(Beginning of Given material)

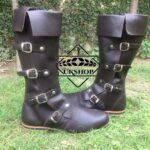 Medieval Leather Boots, Mans Black Leather boots, Thanks giving gift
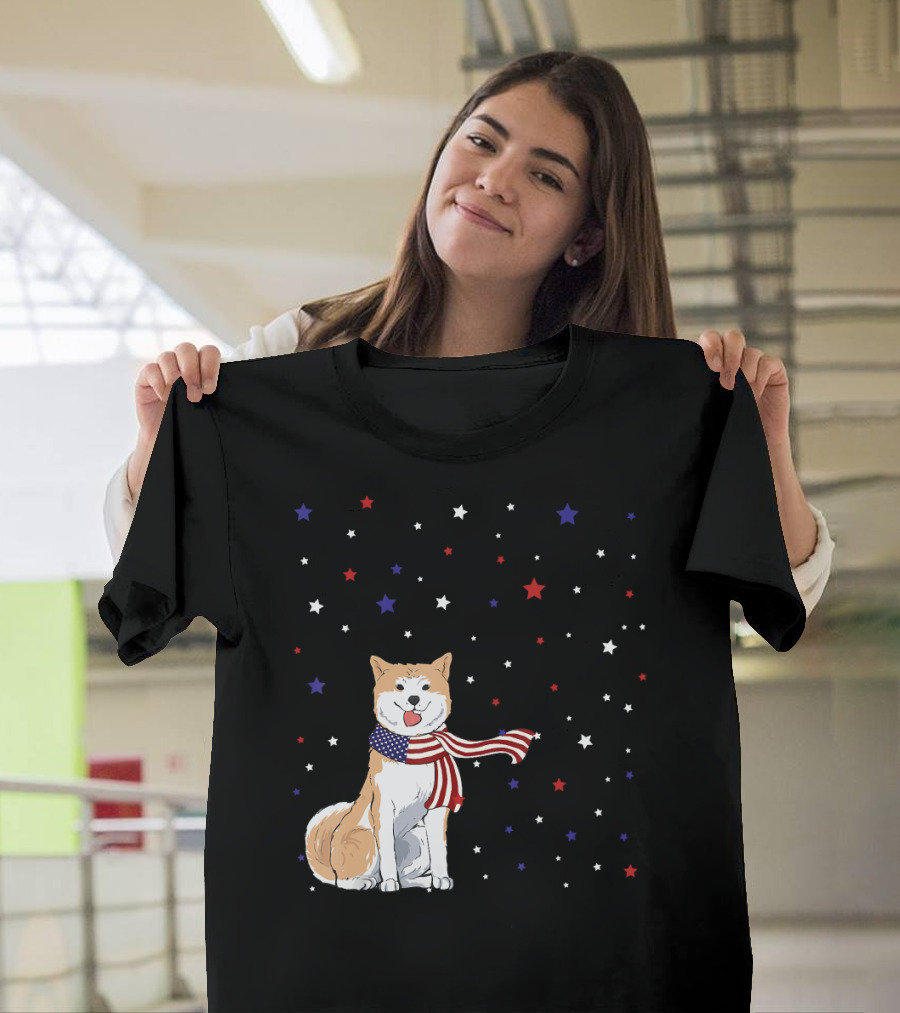 Akita Inu Patriotic American Flag Scarf Stars T-Shirt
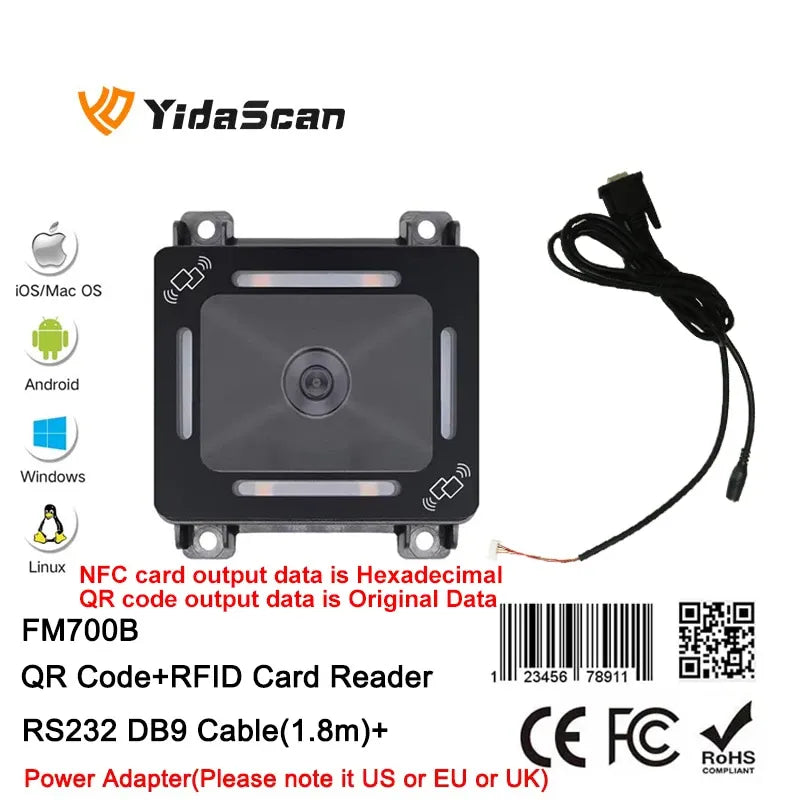 FM700B QR code + RFID card reader with RS232 DB9 cable and barcode/QR label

(End of Given material)

Reproduce the listing above exactly, without a single picture.

 Medieval Leather Boots, Mans Black Leather boots, Thanks giving gift
 Akita Inu Patriotic American Flag Scarf Stars T-Shirt
 FM700B QR code + RFID card reader with RS232 DB9 cable and barcode/QR label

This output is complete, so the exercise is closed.